A Lights-Out Start From Pole
Harris converted his pole position well at the start, slotting into the lead as the field streamed through the opening corners of the Jeddah street circuit. Starting from P3 was Coconut Racing's Muhammad Zihni, who was quick off the line and immediately applied pressure, the two drivers trading positions in the opening laps of the race, in what proved to be one of the early highlights of the race.
The battle between Harris and Zihni was exactly the kind of hard but fair racing that Jeddah tends to produce, with tight walls, fast straights, and no room for error. For several laps, neither driver was willing to give an inch.
The Incident at Turn 22
Four minutes into the race, the complexion of Harris's afternoon changed dramatically. Metadise's Aaron Richard lost control and spun at Turn 22, leaving his car stranded across the circuit at a critical moment. Harris, arriving at pace with nowhere to go, crashed heavily into Aaron's car. The contact instantly destroying his front wing and sending debris skittering across the circuit.

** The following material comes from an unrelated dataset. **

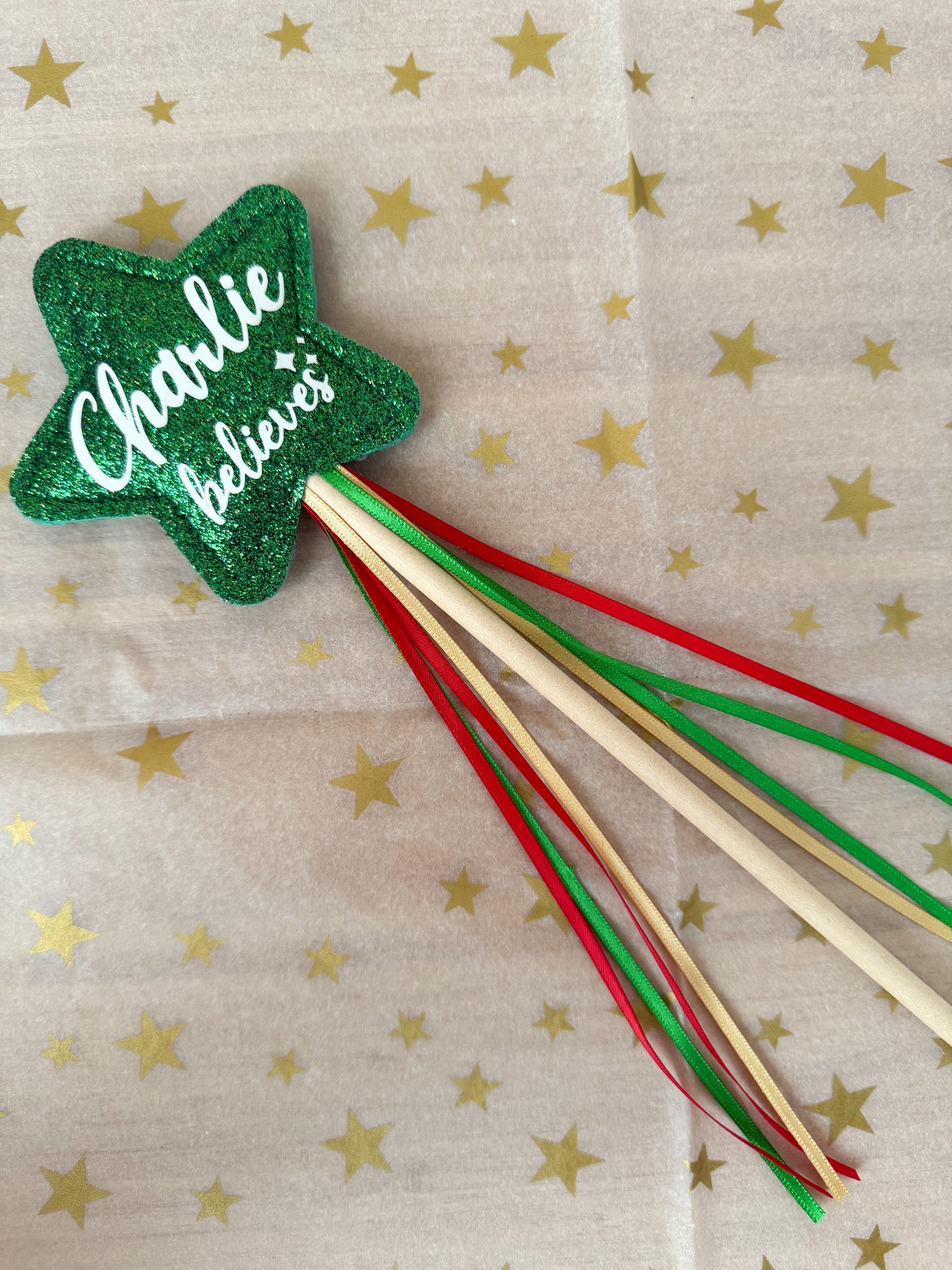 'Believes' Green Glitter Wand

Harris had done nothing wrong. He was simply the unlucky driver in the wrong place at the wrong moment. A passenger in someone else's incident, now handed a race to salvage from near-last place.
The Climb Back
Harris limped back to the pits for a front wing replacement, the stop dropping him to the back of the field and seemingly out of contention for anything meaningful. With the race only a few minutes old, a podium finish looked like a distant fantasy.
But Harris had other ideas. Lap by lap, he worked his way through the field. The Jeddah street circuit offers limited overtaking opportunities, which made each position gained all the more impressive. Harris read the race intelligently, found the gaps when they appeared, and made clean moves where others might have gambled and lost.
By the chequered flag, he had hauled himself all the way back to third place, claiming his first podium of the 2026 season, and one of the most hard-earned P3 finishes the championship has seen this year.
Redemption After Round 1
The result carries extra weight given how Harris's season began. A DNF in Round 1 left him with nothing to show from his opening outing and a deficit to make up from the very first race. Jeddah was a statement: this driver does not fold under pressure.
Harris currently sits 5th in the Drivers' Championship standings, but the trajectory is pointing upward. Back-to-back strong performances, even with the adversity of Round 2 factored in, could suggest a driver who is finding his rhythm at exactly the right time. His first win of the year is not a matter of if, but when.
5th in the standings and climbing. With consistency now on his side and the pace to fight at the front, Neil Harris is firmly in the conversation for championship contention as the season develops.